'Call of Duty: Black Ops 2': This time, duty called for change

jkegley@herald-leader.comNovember 29, 2012 

In Call of Duty: Black Ops II, single players are given choices at key points in the game.



    'Call of Duty: Black Ops 2'

    About: The latest game in the series continues the story started in Black Ops in 2010. The game tells the tale of the rise of a global terrorist through the 1970s and 80s, culminating in a new cold war in the 2020s.

    Pros: The game introduces new mechanics, weapons, settings and game modes, as well as a player-choice system that affects how the story plays out. Competitive multi-player and cooperative zombie modes return with a few positive changes.

    Cons: Multi-player hasn't changed as drastically as the single-player campaign. Online modes lag sporadically on PS3, and the graphics engine is starting to show its age. Lastly, in this day and age, why can't PS3 owners download the game instead of buying a boxed copy?

    Availability and price: $59.99 on Xbox 360, PS3, PC and WiiU. 'Hardened' and 'Care Package' collectors editions, which give you extra content and collectible goodies, cost more.

    ESRB Rating: M

    Manifesto's rating: 8.5/10 (PS3)

    Metacritic rating: 8.8/10 (PS3)

There are two camps of video gamers: the group who thinks Call of Duty needs to try something new, and the group who would get flaming mad if it did.

If you, like me, think the Call of Duty formula has gotten kind of stale, Call of Duty: Black Ops 2 is at least worth discussing.

The overall feel of the game admittedly hasn't changed drastically from previous entries, thanks to the familiar controls, aging graphics engine and a storyline that sees you playing as multiple characters in various historical eras.

However, Black Ops 2 is the first game in a long time to make subtle changes to the classic Call of Duty formula. Treyarch, developer of the Black Ops series, has added three things to the single-player campaign that make Black Ops 2 the newest-feeling title since Modern Warfare brought the series from World War II to the modern day.

The first and most significant alteration is players are now given choices during major plot points, and the game features multiple endings. The choices you make and your performance on certain missions alter how the story plays out.

The second is a new mode that plays like a real-time strategy game. Strike Force Missions, as they are called, place you in control of entire squads of soldiers and unmanned weapons to complete objectives.

The third is the setting. Many of the single-player missions in Black Ops 2 take place in 2025, which means you will be fighting with futuristic weapons and gizmos.

Those three additions make Black Ops 2 the go-to game for those who like Call of Duty but who have gotten a little bored with the cut-and-paste formula of the last few games.

Sometimes the new formula falters. Strike Force Missions, for example, show incredible promise but are hampered a bit by controls that don't give you the level of precision you need and action that is too hectic for deep strategizing.

Other times, the formula is brilliant. The futuristic weapons and settings are awesome to experience, and they usually feel believable. Most of the weapons and items could really exist in a decade or two, aside from a few things like a gun that can target enemies behind barriers like trucks and walls.

The best new part of Black Ops 2's single-player is the player-choice system, which brings it more in line with games like Mass Effect. Who to kill, who to capture; those kind of hard decisions are pockmarked throughout the campaign. This is the first Call of Duty in history that lets you make your experience your own, even letting you select what weapons to take with you at the start of each mission. (Feel like taking a bazooka and a crossbow into a warzone? Go for it.)

And, ah, the multi-player. Can't forget that.
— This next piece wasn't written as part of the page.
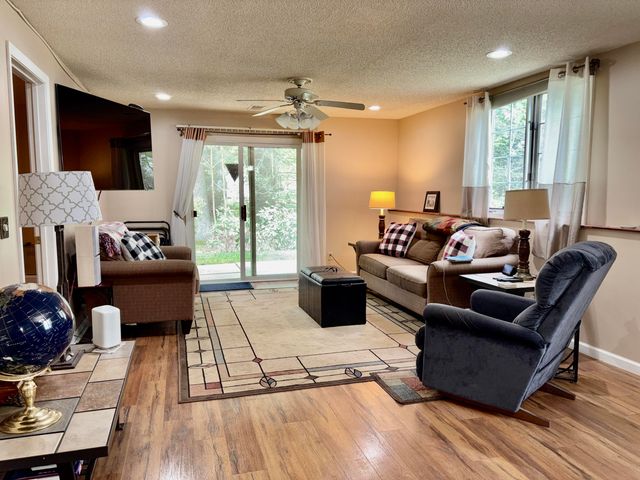1019 Hidden Creek Drive 17, Norton Shores City, MI 49441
Unlike the single-player mode, multi-player doesn't do much to change the status quo. Largely, the competitive multi-player is the same addictive, hectic arcade experience you have come to expect.

It certainly is the most polished of all the games that came before it. Selecting from an entirely new suite of weapons with unprecedented levels of customizing is great, but it feels like more of a paid update than a revolution.
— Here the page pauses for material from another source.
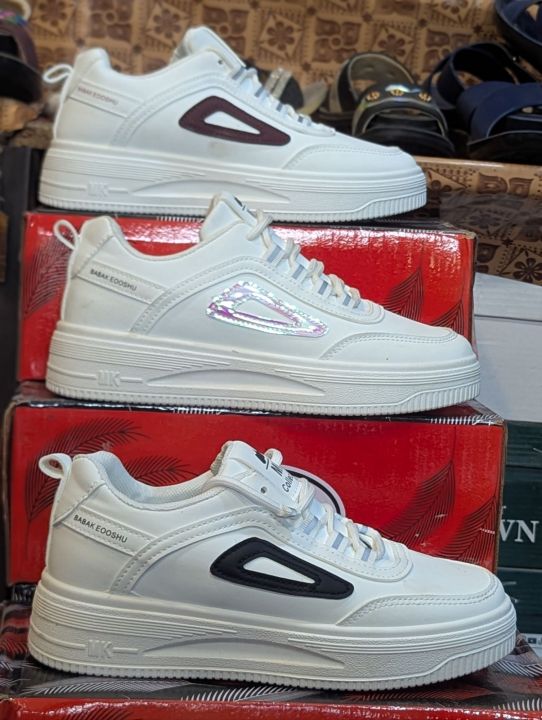 -%20Brand:%20MK%20Collection%20Style%0A-%20Color:%20White%20With%20Black%20/%20Brown%20/%20Pink%20Triangle%0A-%20Material:%20Soft%20PU%20Leather%20Upper%0A-%20Sole:%20Thick%20Rubber%20Sole%20-%20Comfortable%20&%20Anti-Slip%0A-%20Best%20for:%20College,%20University,%20Casual%20&%20Daily%20Wear%20-%20Image%202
There are some new game modes, such as kill confirmed, in which you have to grab the dog tags off fallen enemies to score points. Classic game modes, such as team deathmatch, capture the flag and domination return intact and as fun as ever.

The most significant overhaul to the multi-player experience is that kill streaks have been altered. You now earn powerful perks, such as attack helicopters and packs of ravenous dogs, based on your total score rather than the number of enemies you kill.

I have some minor quibbles that aren't related directly to the game. My biggest is that if you want to own Black Ops 2, you have to drive to the store and buy a packaged version. Black Ops 2 continues the trend of not being available for download right away. The collector's edition that Activision sent us to try is cool and all, but I prefer games to take up space on a hard drive rather than on a shelf.

Another problem is the online infrastructure of the PlayStation 3 version. For a couple days after the game launched, players reported widespread lagging and disconnecting when trying to play online. A patch has been released that has fixed most of the problems, but be prepared for intermittent connection delays on PS3.

Also, customers of Windstream's slowest DSL package, be warned that the game will not run smoothly if someone in your house is using Netflix or another bandwidth-heavy application.

In all, Black Ops 2 is a lot of the same thing but a little different. The game proves little differences can go a long way.